At the very beginning, while walking in the countryside, I thought of nom* as a language that could implement itself, and I also thought immediately of a better, higher-level grammar language that I could implement 'on-top-of' nom* . About a year ago, I wrote a nom* script called /eg/toybnf.pss which was a first attempt at this higher-level language. Last night, I stayed up late and created the script /eg/syntagma.pss which is a pretty decent start to implementing this higher level parsing language.

a syntagma example


   literal: ';'|':' ;
   [:alpha:]+; {
     colour: 'blue'|'green'|'red'|'orange';   
     match 'Blue' { print 'colour names are lower case\n'; exit 1; }
     # default token name
     word: *;
   }
   shape: 'square'|'circle'|'triangle';   
   match [:space:] { delete; }
   # space: [:space:]+;
   # parsing phase
   object = colour shape ';' ;
   
   # delete the space token
   {} = space ;

The development of this language proceeded very quickly: in the last hour I added many new syntactical forms.

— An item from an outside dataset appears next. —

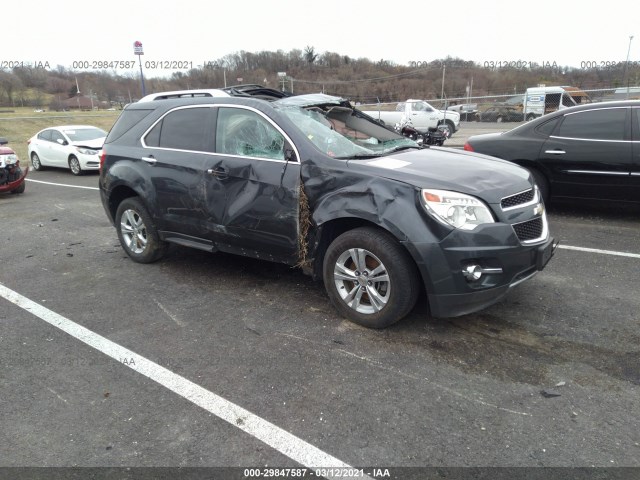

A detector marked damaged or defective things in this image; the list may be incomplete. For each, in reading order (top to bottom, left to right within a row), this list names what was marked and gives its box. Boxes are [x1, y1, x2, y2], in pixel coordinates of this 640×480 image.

damaged gray suv [100, 92, 556, 328]
shattered windshield [278, 106, 418, 158]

I feel that this language has the potential to be more expressive about parsing than the nom* language itself. Or perhaps it is more compatible with how people think about parsing. In any case, it uses the machine://pep engine in order to render it’s ideas.

The syntagma language still lacks 'composition' rules; meaning a syntax for composing new attributes from old ones. In the YACC tool, this syntax looks like this:

 { $$ = $1/$2; }

The meaning of this cryptogram is that the attribute of the new parse token will be the value of the 1^st parse-token divided by the 2nd. However, pep, nom* and syntagma* are all text-register based machines, so the composition rules will be text based and will look like this:

a syntagma parse rule with text composition of attributes


    object = colour shape {
      #1 := "$2 of colour $1"; 
    }

The hash (#) is to distinguish attributes of the tokens of the left-hand-side of the parse rule from the right. The $n variables relate to the corresponding attributes of the parse token in the right-hand-side of the parse rule. So, in this case, $2 is the attribute of the 'shape' token and $1 the attribute of the 'colour' token.

My idea of using text-composition (rather than calculation) corresponds to the concept that a compiler is just a language-to-language map.